Television faces ‘shoppable’ content switch-on

Trading via smart TVs and tablets is poised to supplant e-commerce

T-commerce could be the new e-commerce. What is T-commerce, you ask? Well, it’s trading via a smart TV or tablet. That’s not to say e-commerce is dead; it is changing, though, by moving away from advertising and towards “shoppable” content.

H&M first put T-commerce in the spotlight when it ran a real-time shoppable ad during the Super Bowl in the US.

Viewers with compatible TVs such as the internet-connected Samsung smart TV could buy the clothing featured in the ad directly from their TV remotes. Using them, they could access the product and purchasing information in real time.

T-commerce and shoppable content will revolutionise the e-commerce industry, according to Niall O’Gorman, co- founder of ChannelSight and global director of e-commerce strategy and innovation at Mondel?z.


“In the future, you will be able to get items you like off a TV show. You could press the red button on your remote to bring up items from the show to buy. You might like the outfit the actor is wearing and want to buy that.”

He says many videos online, on sites such as YouTube, already offer the option for people to buy.

“If you watch a pre-roll video [a promotional video message/ad that plays before an online video], there are buy buttons within them now. You can watch a video about a brand and a buy button will be at the bottom. It can’t be intrusive.”

“Try buttons are equally as important as buy buttons, thus there’s also now buttons you can click to try a sample of the product.”

Banner ads

He says advertising, especially banner ads, previously drove e-commerce, but that this is at saturation point now, with more and more people using ad blocking.

“People are sick of all these ads. They’re considered spam and they’re intrusive. There’s a move towards generating great engaging content such as shoppable recipes. That will drive e-commerce in the future. People are tired of ads and need to cut through the clutter.”

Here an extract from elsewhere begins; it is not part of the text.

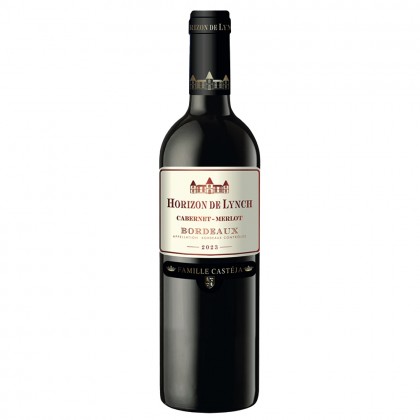 Horizon De Lynch Haut Medoc Merlot Cabernet 2023 750ML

O’Gorman says shoppable content and shoppable ads are the latest manifestation of how the retail experience is being transformed by technology. Internet users can click on an ad for a product and buy that product immediately.

“You’ll get a longer-lasting engagement with the user if you create great content rather than an advert.

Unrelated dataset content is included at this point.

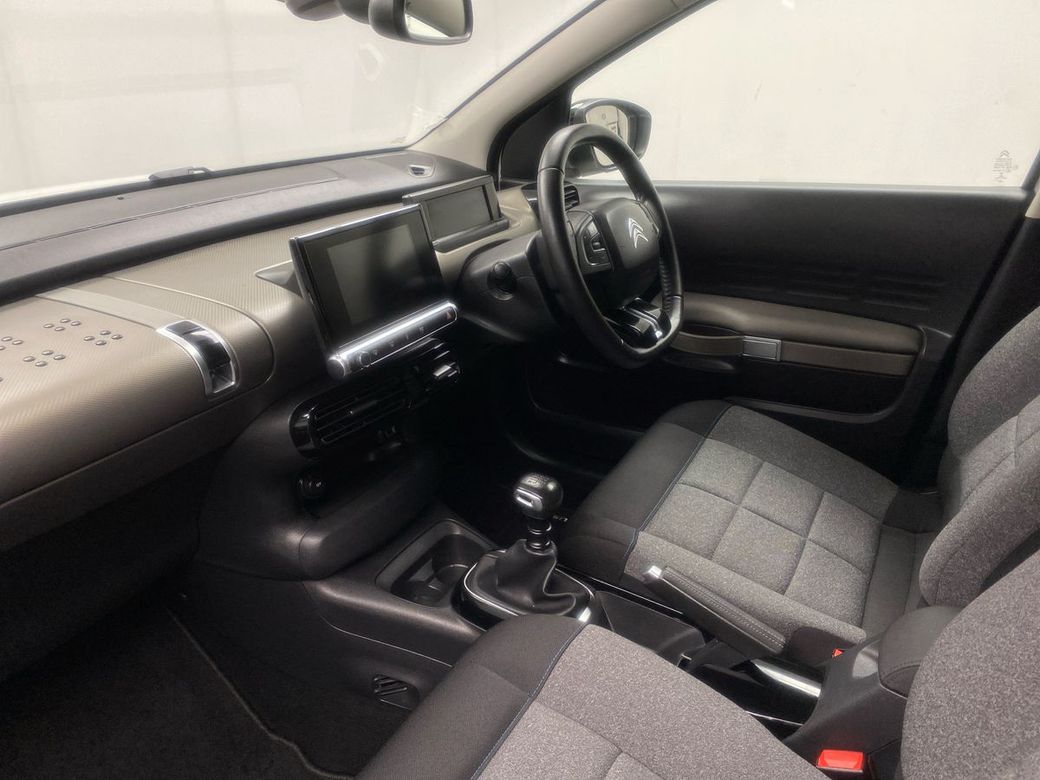 2020 Citroen C4 Cactus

“When people see recipes online they like, they then have to go to the supermarket and find all the items in the recipe. But what if you could make all the ingredients shoppable? You could click on the ones you want and they would go straight to a basket for purchase.”

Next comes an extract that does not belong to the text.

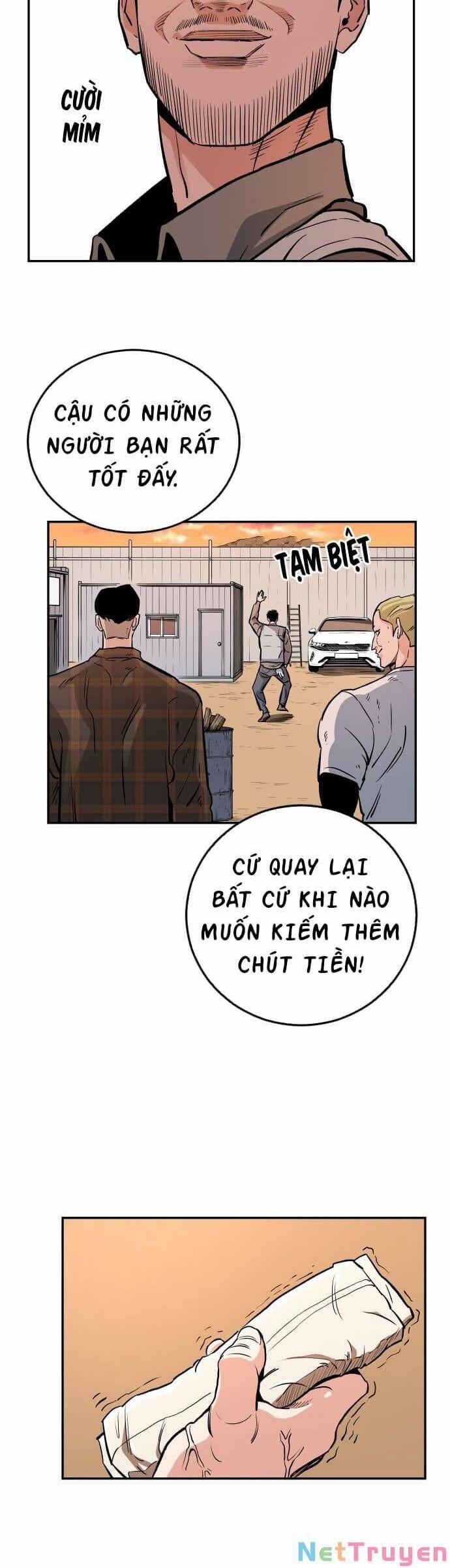 Sân Cỏ Chiến Kí 55 trang 47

O’Gorman’s company ChannelSight allows brands to add “buy now” buttons to product pages, social media video advertising and other online campaigns, linking to retailers that stock the products.

Operating in 37 countries globally, it works with brands such as Cadbury, Oreo, Philips and Veet and has posted seven-figure annual revenues since its foundation.


The company, founded in 2013, recently raised €3.3 million in funding and quickly secured Philips as its first client.

“I met Philips in Amsterdam and said: ‘I have no company, no developers, no employees and no product, but I believe I can make a world-class solution for you.’ There was laughter all round. They gave us a chance.”

Mondelez has also collaborated with ChannelSight to use its e-commerce technology to drive sales, although O’Gorman is quick to point out he had nothing to do with the decision, despite his involvement with both companies.

“When ChannelSight was starting out we had no money, so we had to keep working . . . it’s tough to balance between the two, but the benefits outweigh the challenges.”

ChannelSight embedded "buy now" buttons were embedded across Mondelez International's online media, on Facebook, Twitter and YouTube, throughout 25 global markets globally.


For now, 90 per cent of all grocery sales are made in stores. Mondelez, which makes brands such as Cadbury and Oreo, wants to accelerate online transactions of its products.

"A few years ago you would never have thought of buying a packet of cookies online. Today lots of people purchase online at stores like Tesco and Carrefour."

O’Gorman says brands are maturing and understanding that they have to sell other brands as well as their own

“People will buy 25 or 50 items in Tesco online to get home delivery. They won’t do it for one item. Thus brands will encourage people to make a recipe or suggest what products go well with other products.

“To help sell your product, you need to help sell other products. You also provide value to the retailer, as you’re helping to build baskets.”

He says consumers hate paying for shipping or delivery and feel like they need to buy more to make it worthwhile.

“Retailers are seeing this. They are offering free or subsidised delivery, or click and collect options.”

As for the future, O'Gorman says every device is becoming more aware, such as Amazon Dash, which sits in your house and allows you to order things. "You will be able to have things automatically reordered when your pantry runs low."